Robert le Diable est le dixième opéra de Giacomo Meyerbeer, et son premier ouvrage composé pour Paris. Sa création, en 1831, est un immense succès, «un des plus grands triomphes de tous les temps», pour reprendre les termes de Piotr Kaminski (Mille et un opéras). Il sera représenté 754 fois dans la capitale française, mais aussi, très rapidement, dans l’Europe entière. Frédéric Chopin, présent à la création, est des plus enthousiastes: «Si jamais la magnificence parut dans un théâtre, je doute qu’elle ait jamais atteint le degré de splendeur déployé dans Robert… C’est un chef-d’œuvre… Meyerbeer s’est acquis l’immortalité… » Et de fait, l’ouvrage fera de son auteur le musicien le plus admiré de son époque, influençant Rossini, Verdi, Wagner et Berlioz. Le succès de Robert le Diable lance définitivement le genre du Grand Opéra à la française et Meyerbeer, qui récidivera en 1836 avec Les Huguenots, que l’on considère aujourd’hui comme sa partition la plus aboutie. Au XXe siècle cependant, Robert le Diable, comme d’ailleurs toute la production de Meyerbeer, tombe dans l’oubli. Il faudra alors attendre 1968 pour assister, à Florence, à l’exhumation de l’œuvre (chantée en italien) et surtout 1985, avec une production au Palais Garnier qui a fait date, avant New York, Berlin et Martina Franca. Il convient donc de saluer l’initiative du Royal Opera House (où l’ouvrage n’avait plus été représenté depuis 1890) de donner une nouvelle chance à cette partition emblématique de toute une époque. Même si le résultat ne convainc pas totalement, on sauré gré à la première scène lyrique anglaise d’avoir osé sortir des sentiers battus et offert à un large public l’occasion de découvrir un titre si rarement joué.


Kobbé qualifiait le livret de Robert le Diable de «grotesque et absurde». Le sujet, emprunté à une légende médiévale, narre les aventures de Robert, fruit de l’union de Satan et d’une mortelle, lequel cherche à tout prix la rédemption, sur fond de rebondissements gothiques. Seraient-ce les extravagances et les invraisemblances de l’histoire qui ont poussé Laurent Pelly à opter résolument dans sa mise en scène pour un kitsch assumé, tournant l’œuvre en dérision? Toujours est-il que son spectacle a profondément irrité la presse anglaise, choquée devant ce qu’elle considère comme un manque de respect. Diable (!), un peu de second degré, non? Où est passé le «British sense of humour» tant réputé? Il est vrai que le metteur en scène a multiplié les clins d’œil et les gags dans des décors bigarrés (les chevaux de plastique de toutes les couleurs pour le tournoi), exagérément réduits (le château) ou constitués de simples toiles peintes, comme au IIIe acte. On relèvera le superbe ballet des nonnes qui termine le IIIe acte, chorégraphié par Lionel Hoche à la façon nuit des morts vivants. Le résultat final se veut drôle et léger, comme un pied de nez au mythe du Grand Opéra, une réussite sur toute la ligne.
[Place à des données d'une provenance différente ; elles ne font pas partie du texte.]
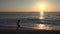 Child Playing on Beach, Kid Running in Sea Waves, Girl Walking in Sunset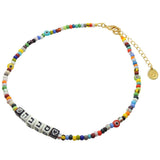 Dana Levy Personalised Alef Bet Hebrew Name Balagan Glass Bead Choker - Sababa Heart Charms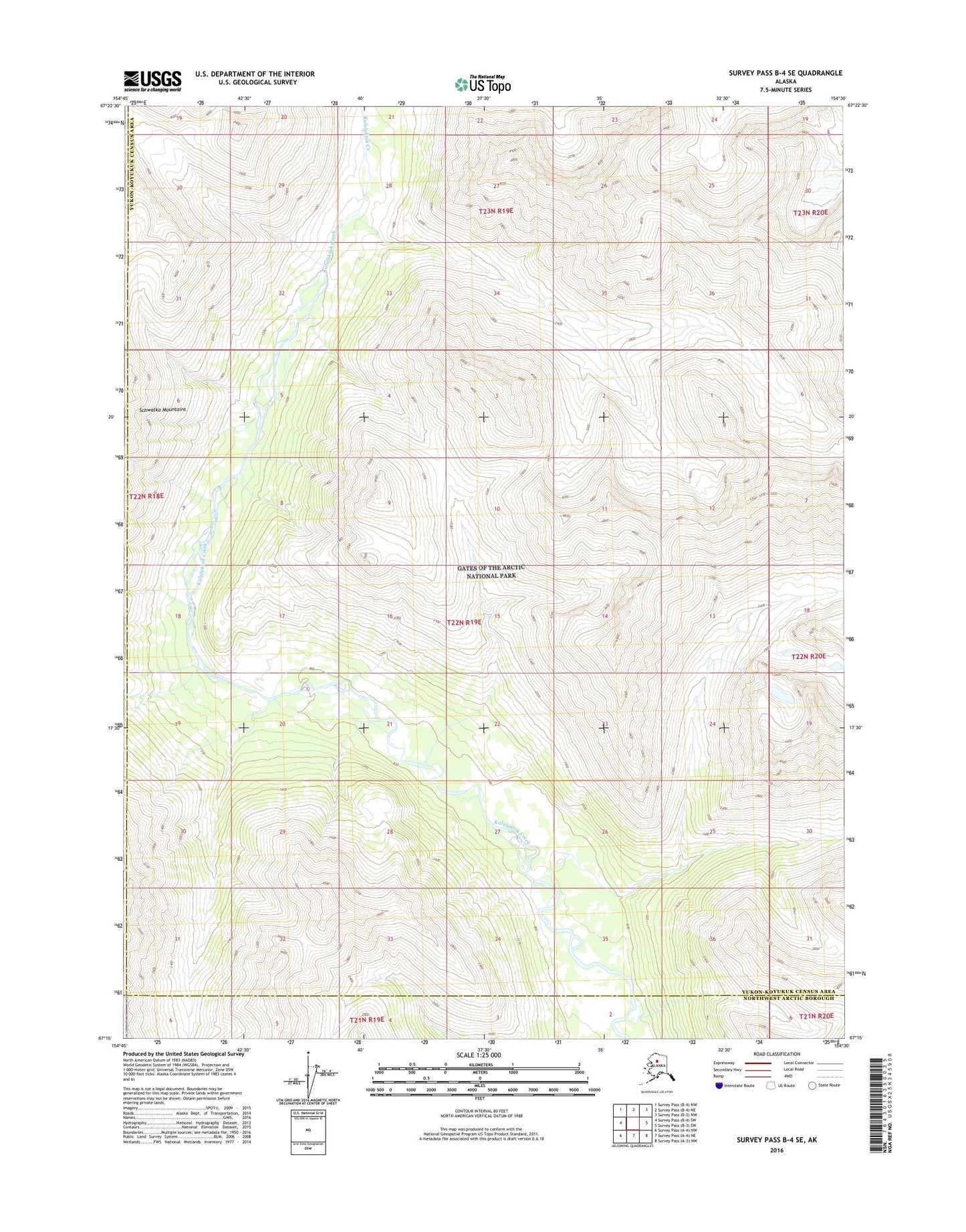 Survey Pass B-4 SE Alaska US Topo Map Image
Malgré une direction un peu molle, Daniel Oren obtient de l’orchestre de magnifiques couleurs et se révèle surtout extrêmement attentif aux chanteurs. On retient aussi le magnifique travail accompli par les chœurs, à la diction irréprochable. Dans le rôle-titre à la tessiture meurtrière, Bryan Hymel fait preuve d’une aisance et d’une vaillance confondantes, même si la voix n’est pas des plus belles en soi, enchaînant les notes suraiguës avec une facilité déconcertante. Le diable de John Relyea est plutôt discret, le chanteur n’ayant pas le charisme vocal pour incarner son personnage démoniaque. Patrizia Ciofi, arrivée à Londres trois jours avant la première, a besoin de temps pour chauffer sa voix, peut-être un peu petite pour le rôle, mais son «Robert, toi que j’aime» du IVe acte restera comme l’un des moments forts de la soirée. Marina Poplavskaya est visiblement à la peine dans le rôle d’Alice, qui la met constamment sous pression. Dans les seconds rôles, Jean-François Borras et Nicolas Courjal font une belle démonstration de style. Malgré quelques faiblesses dans la distribution, voilà un spectacle enthousiasmant qu’on a déjà hâte de revoir au Grand Théâtre de Genève, coproducteur de l’entreprise. Un DVD des représentations londoniennes est aussi prévu.